*** Opening of DATASET SECTION ***
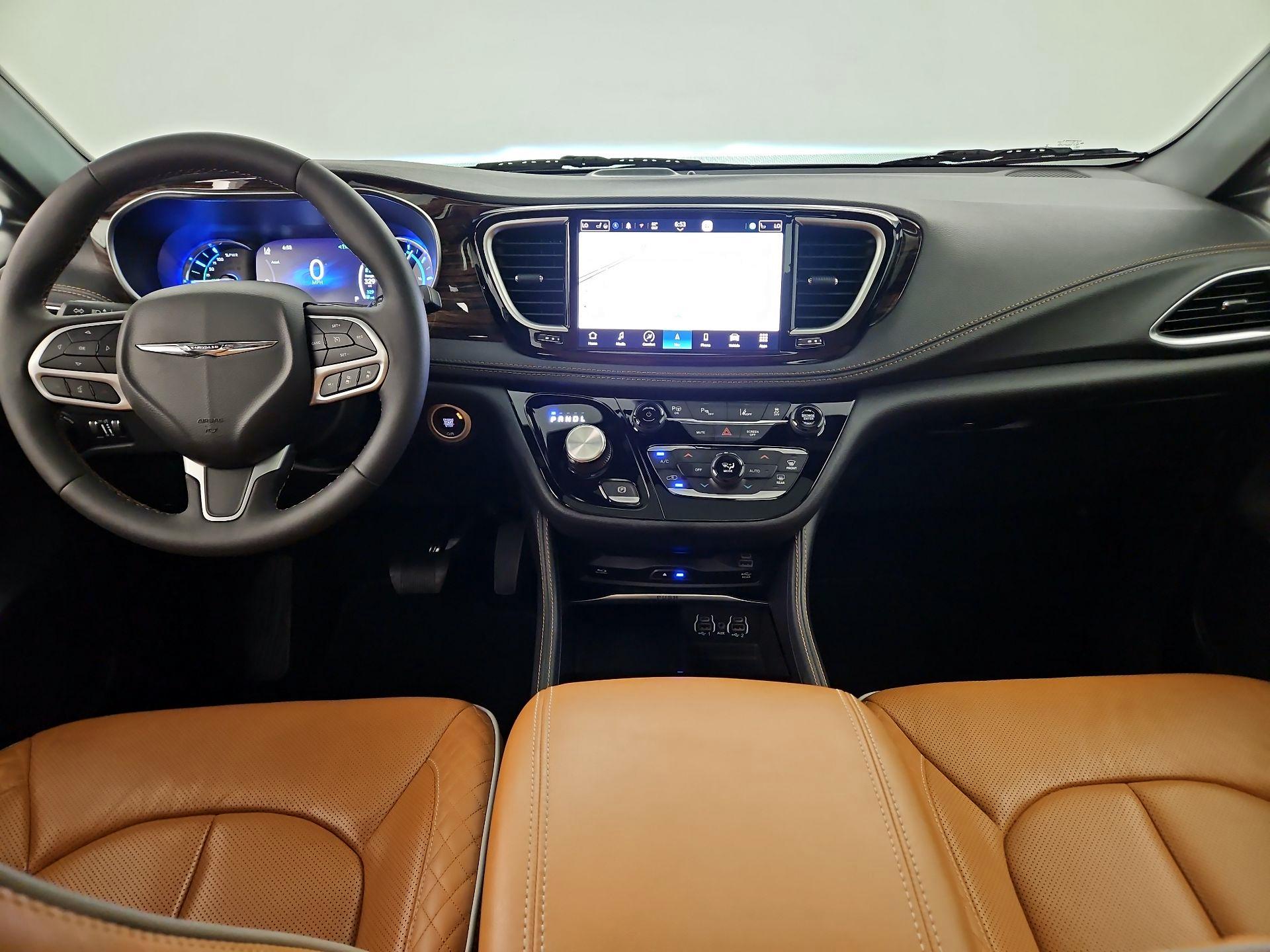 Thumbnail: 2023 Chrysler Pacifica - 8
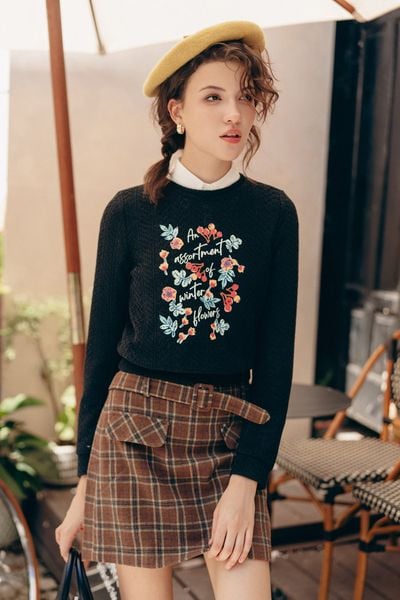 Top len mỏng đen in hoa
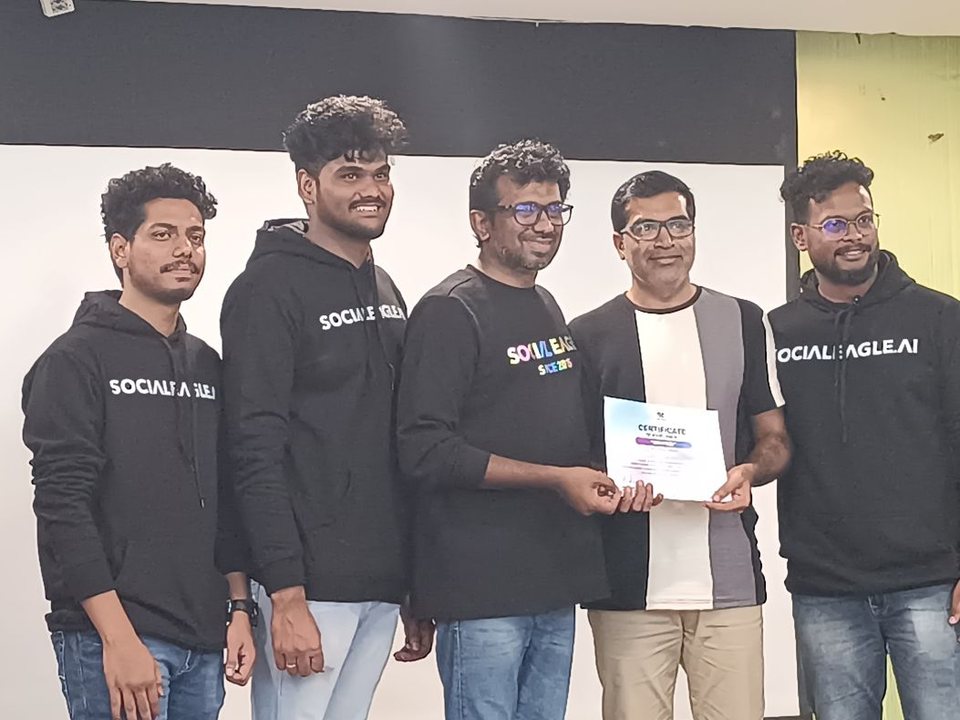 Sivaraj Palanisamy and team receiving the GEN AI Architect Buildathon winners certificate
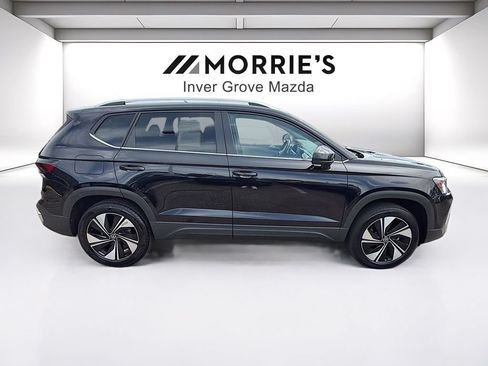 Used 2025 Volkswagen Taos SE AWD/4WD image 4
*** Close of DATASET SECTION ***
TASK OBJECTIVE — Where the data includes pictures, leave them out and write out everything else exactly.

FINAL ANSWER —
 Thumbnail: 2023 Chrysler Pacifica - 8
 Top len mỏng đen in hoa
 Sivaraj Palanisamy and team receiving the GEN AI Architect Buildathon winners certificate
 Used 2025 Volkswagen Taos SE AWD/4WD image 4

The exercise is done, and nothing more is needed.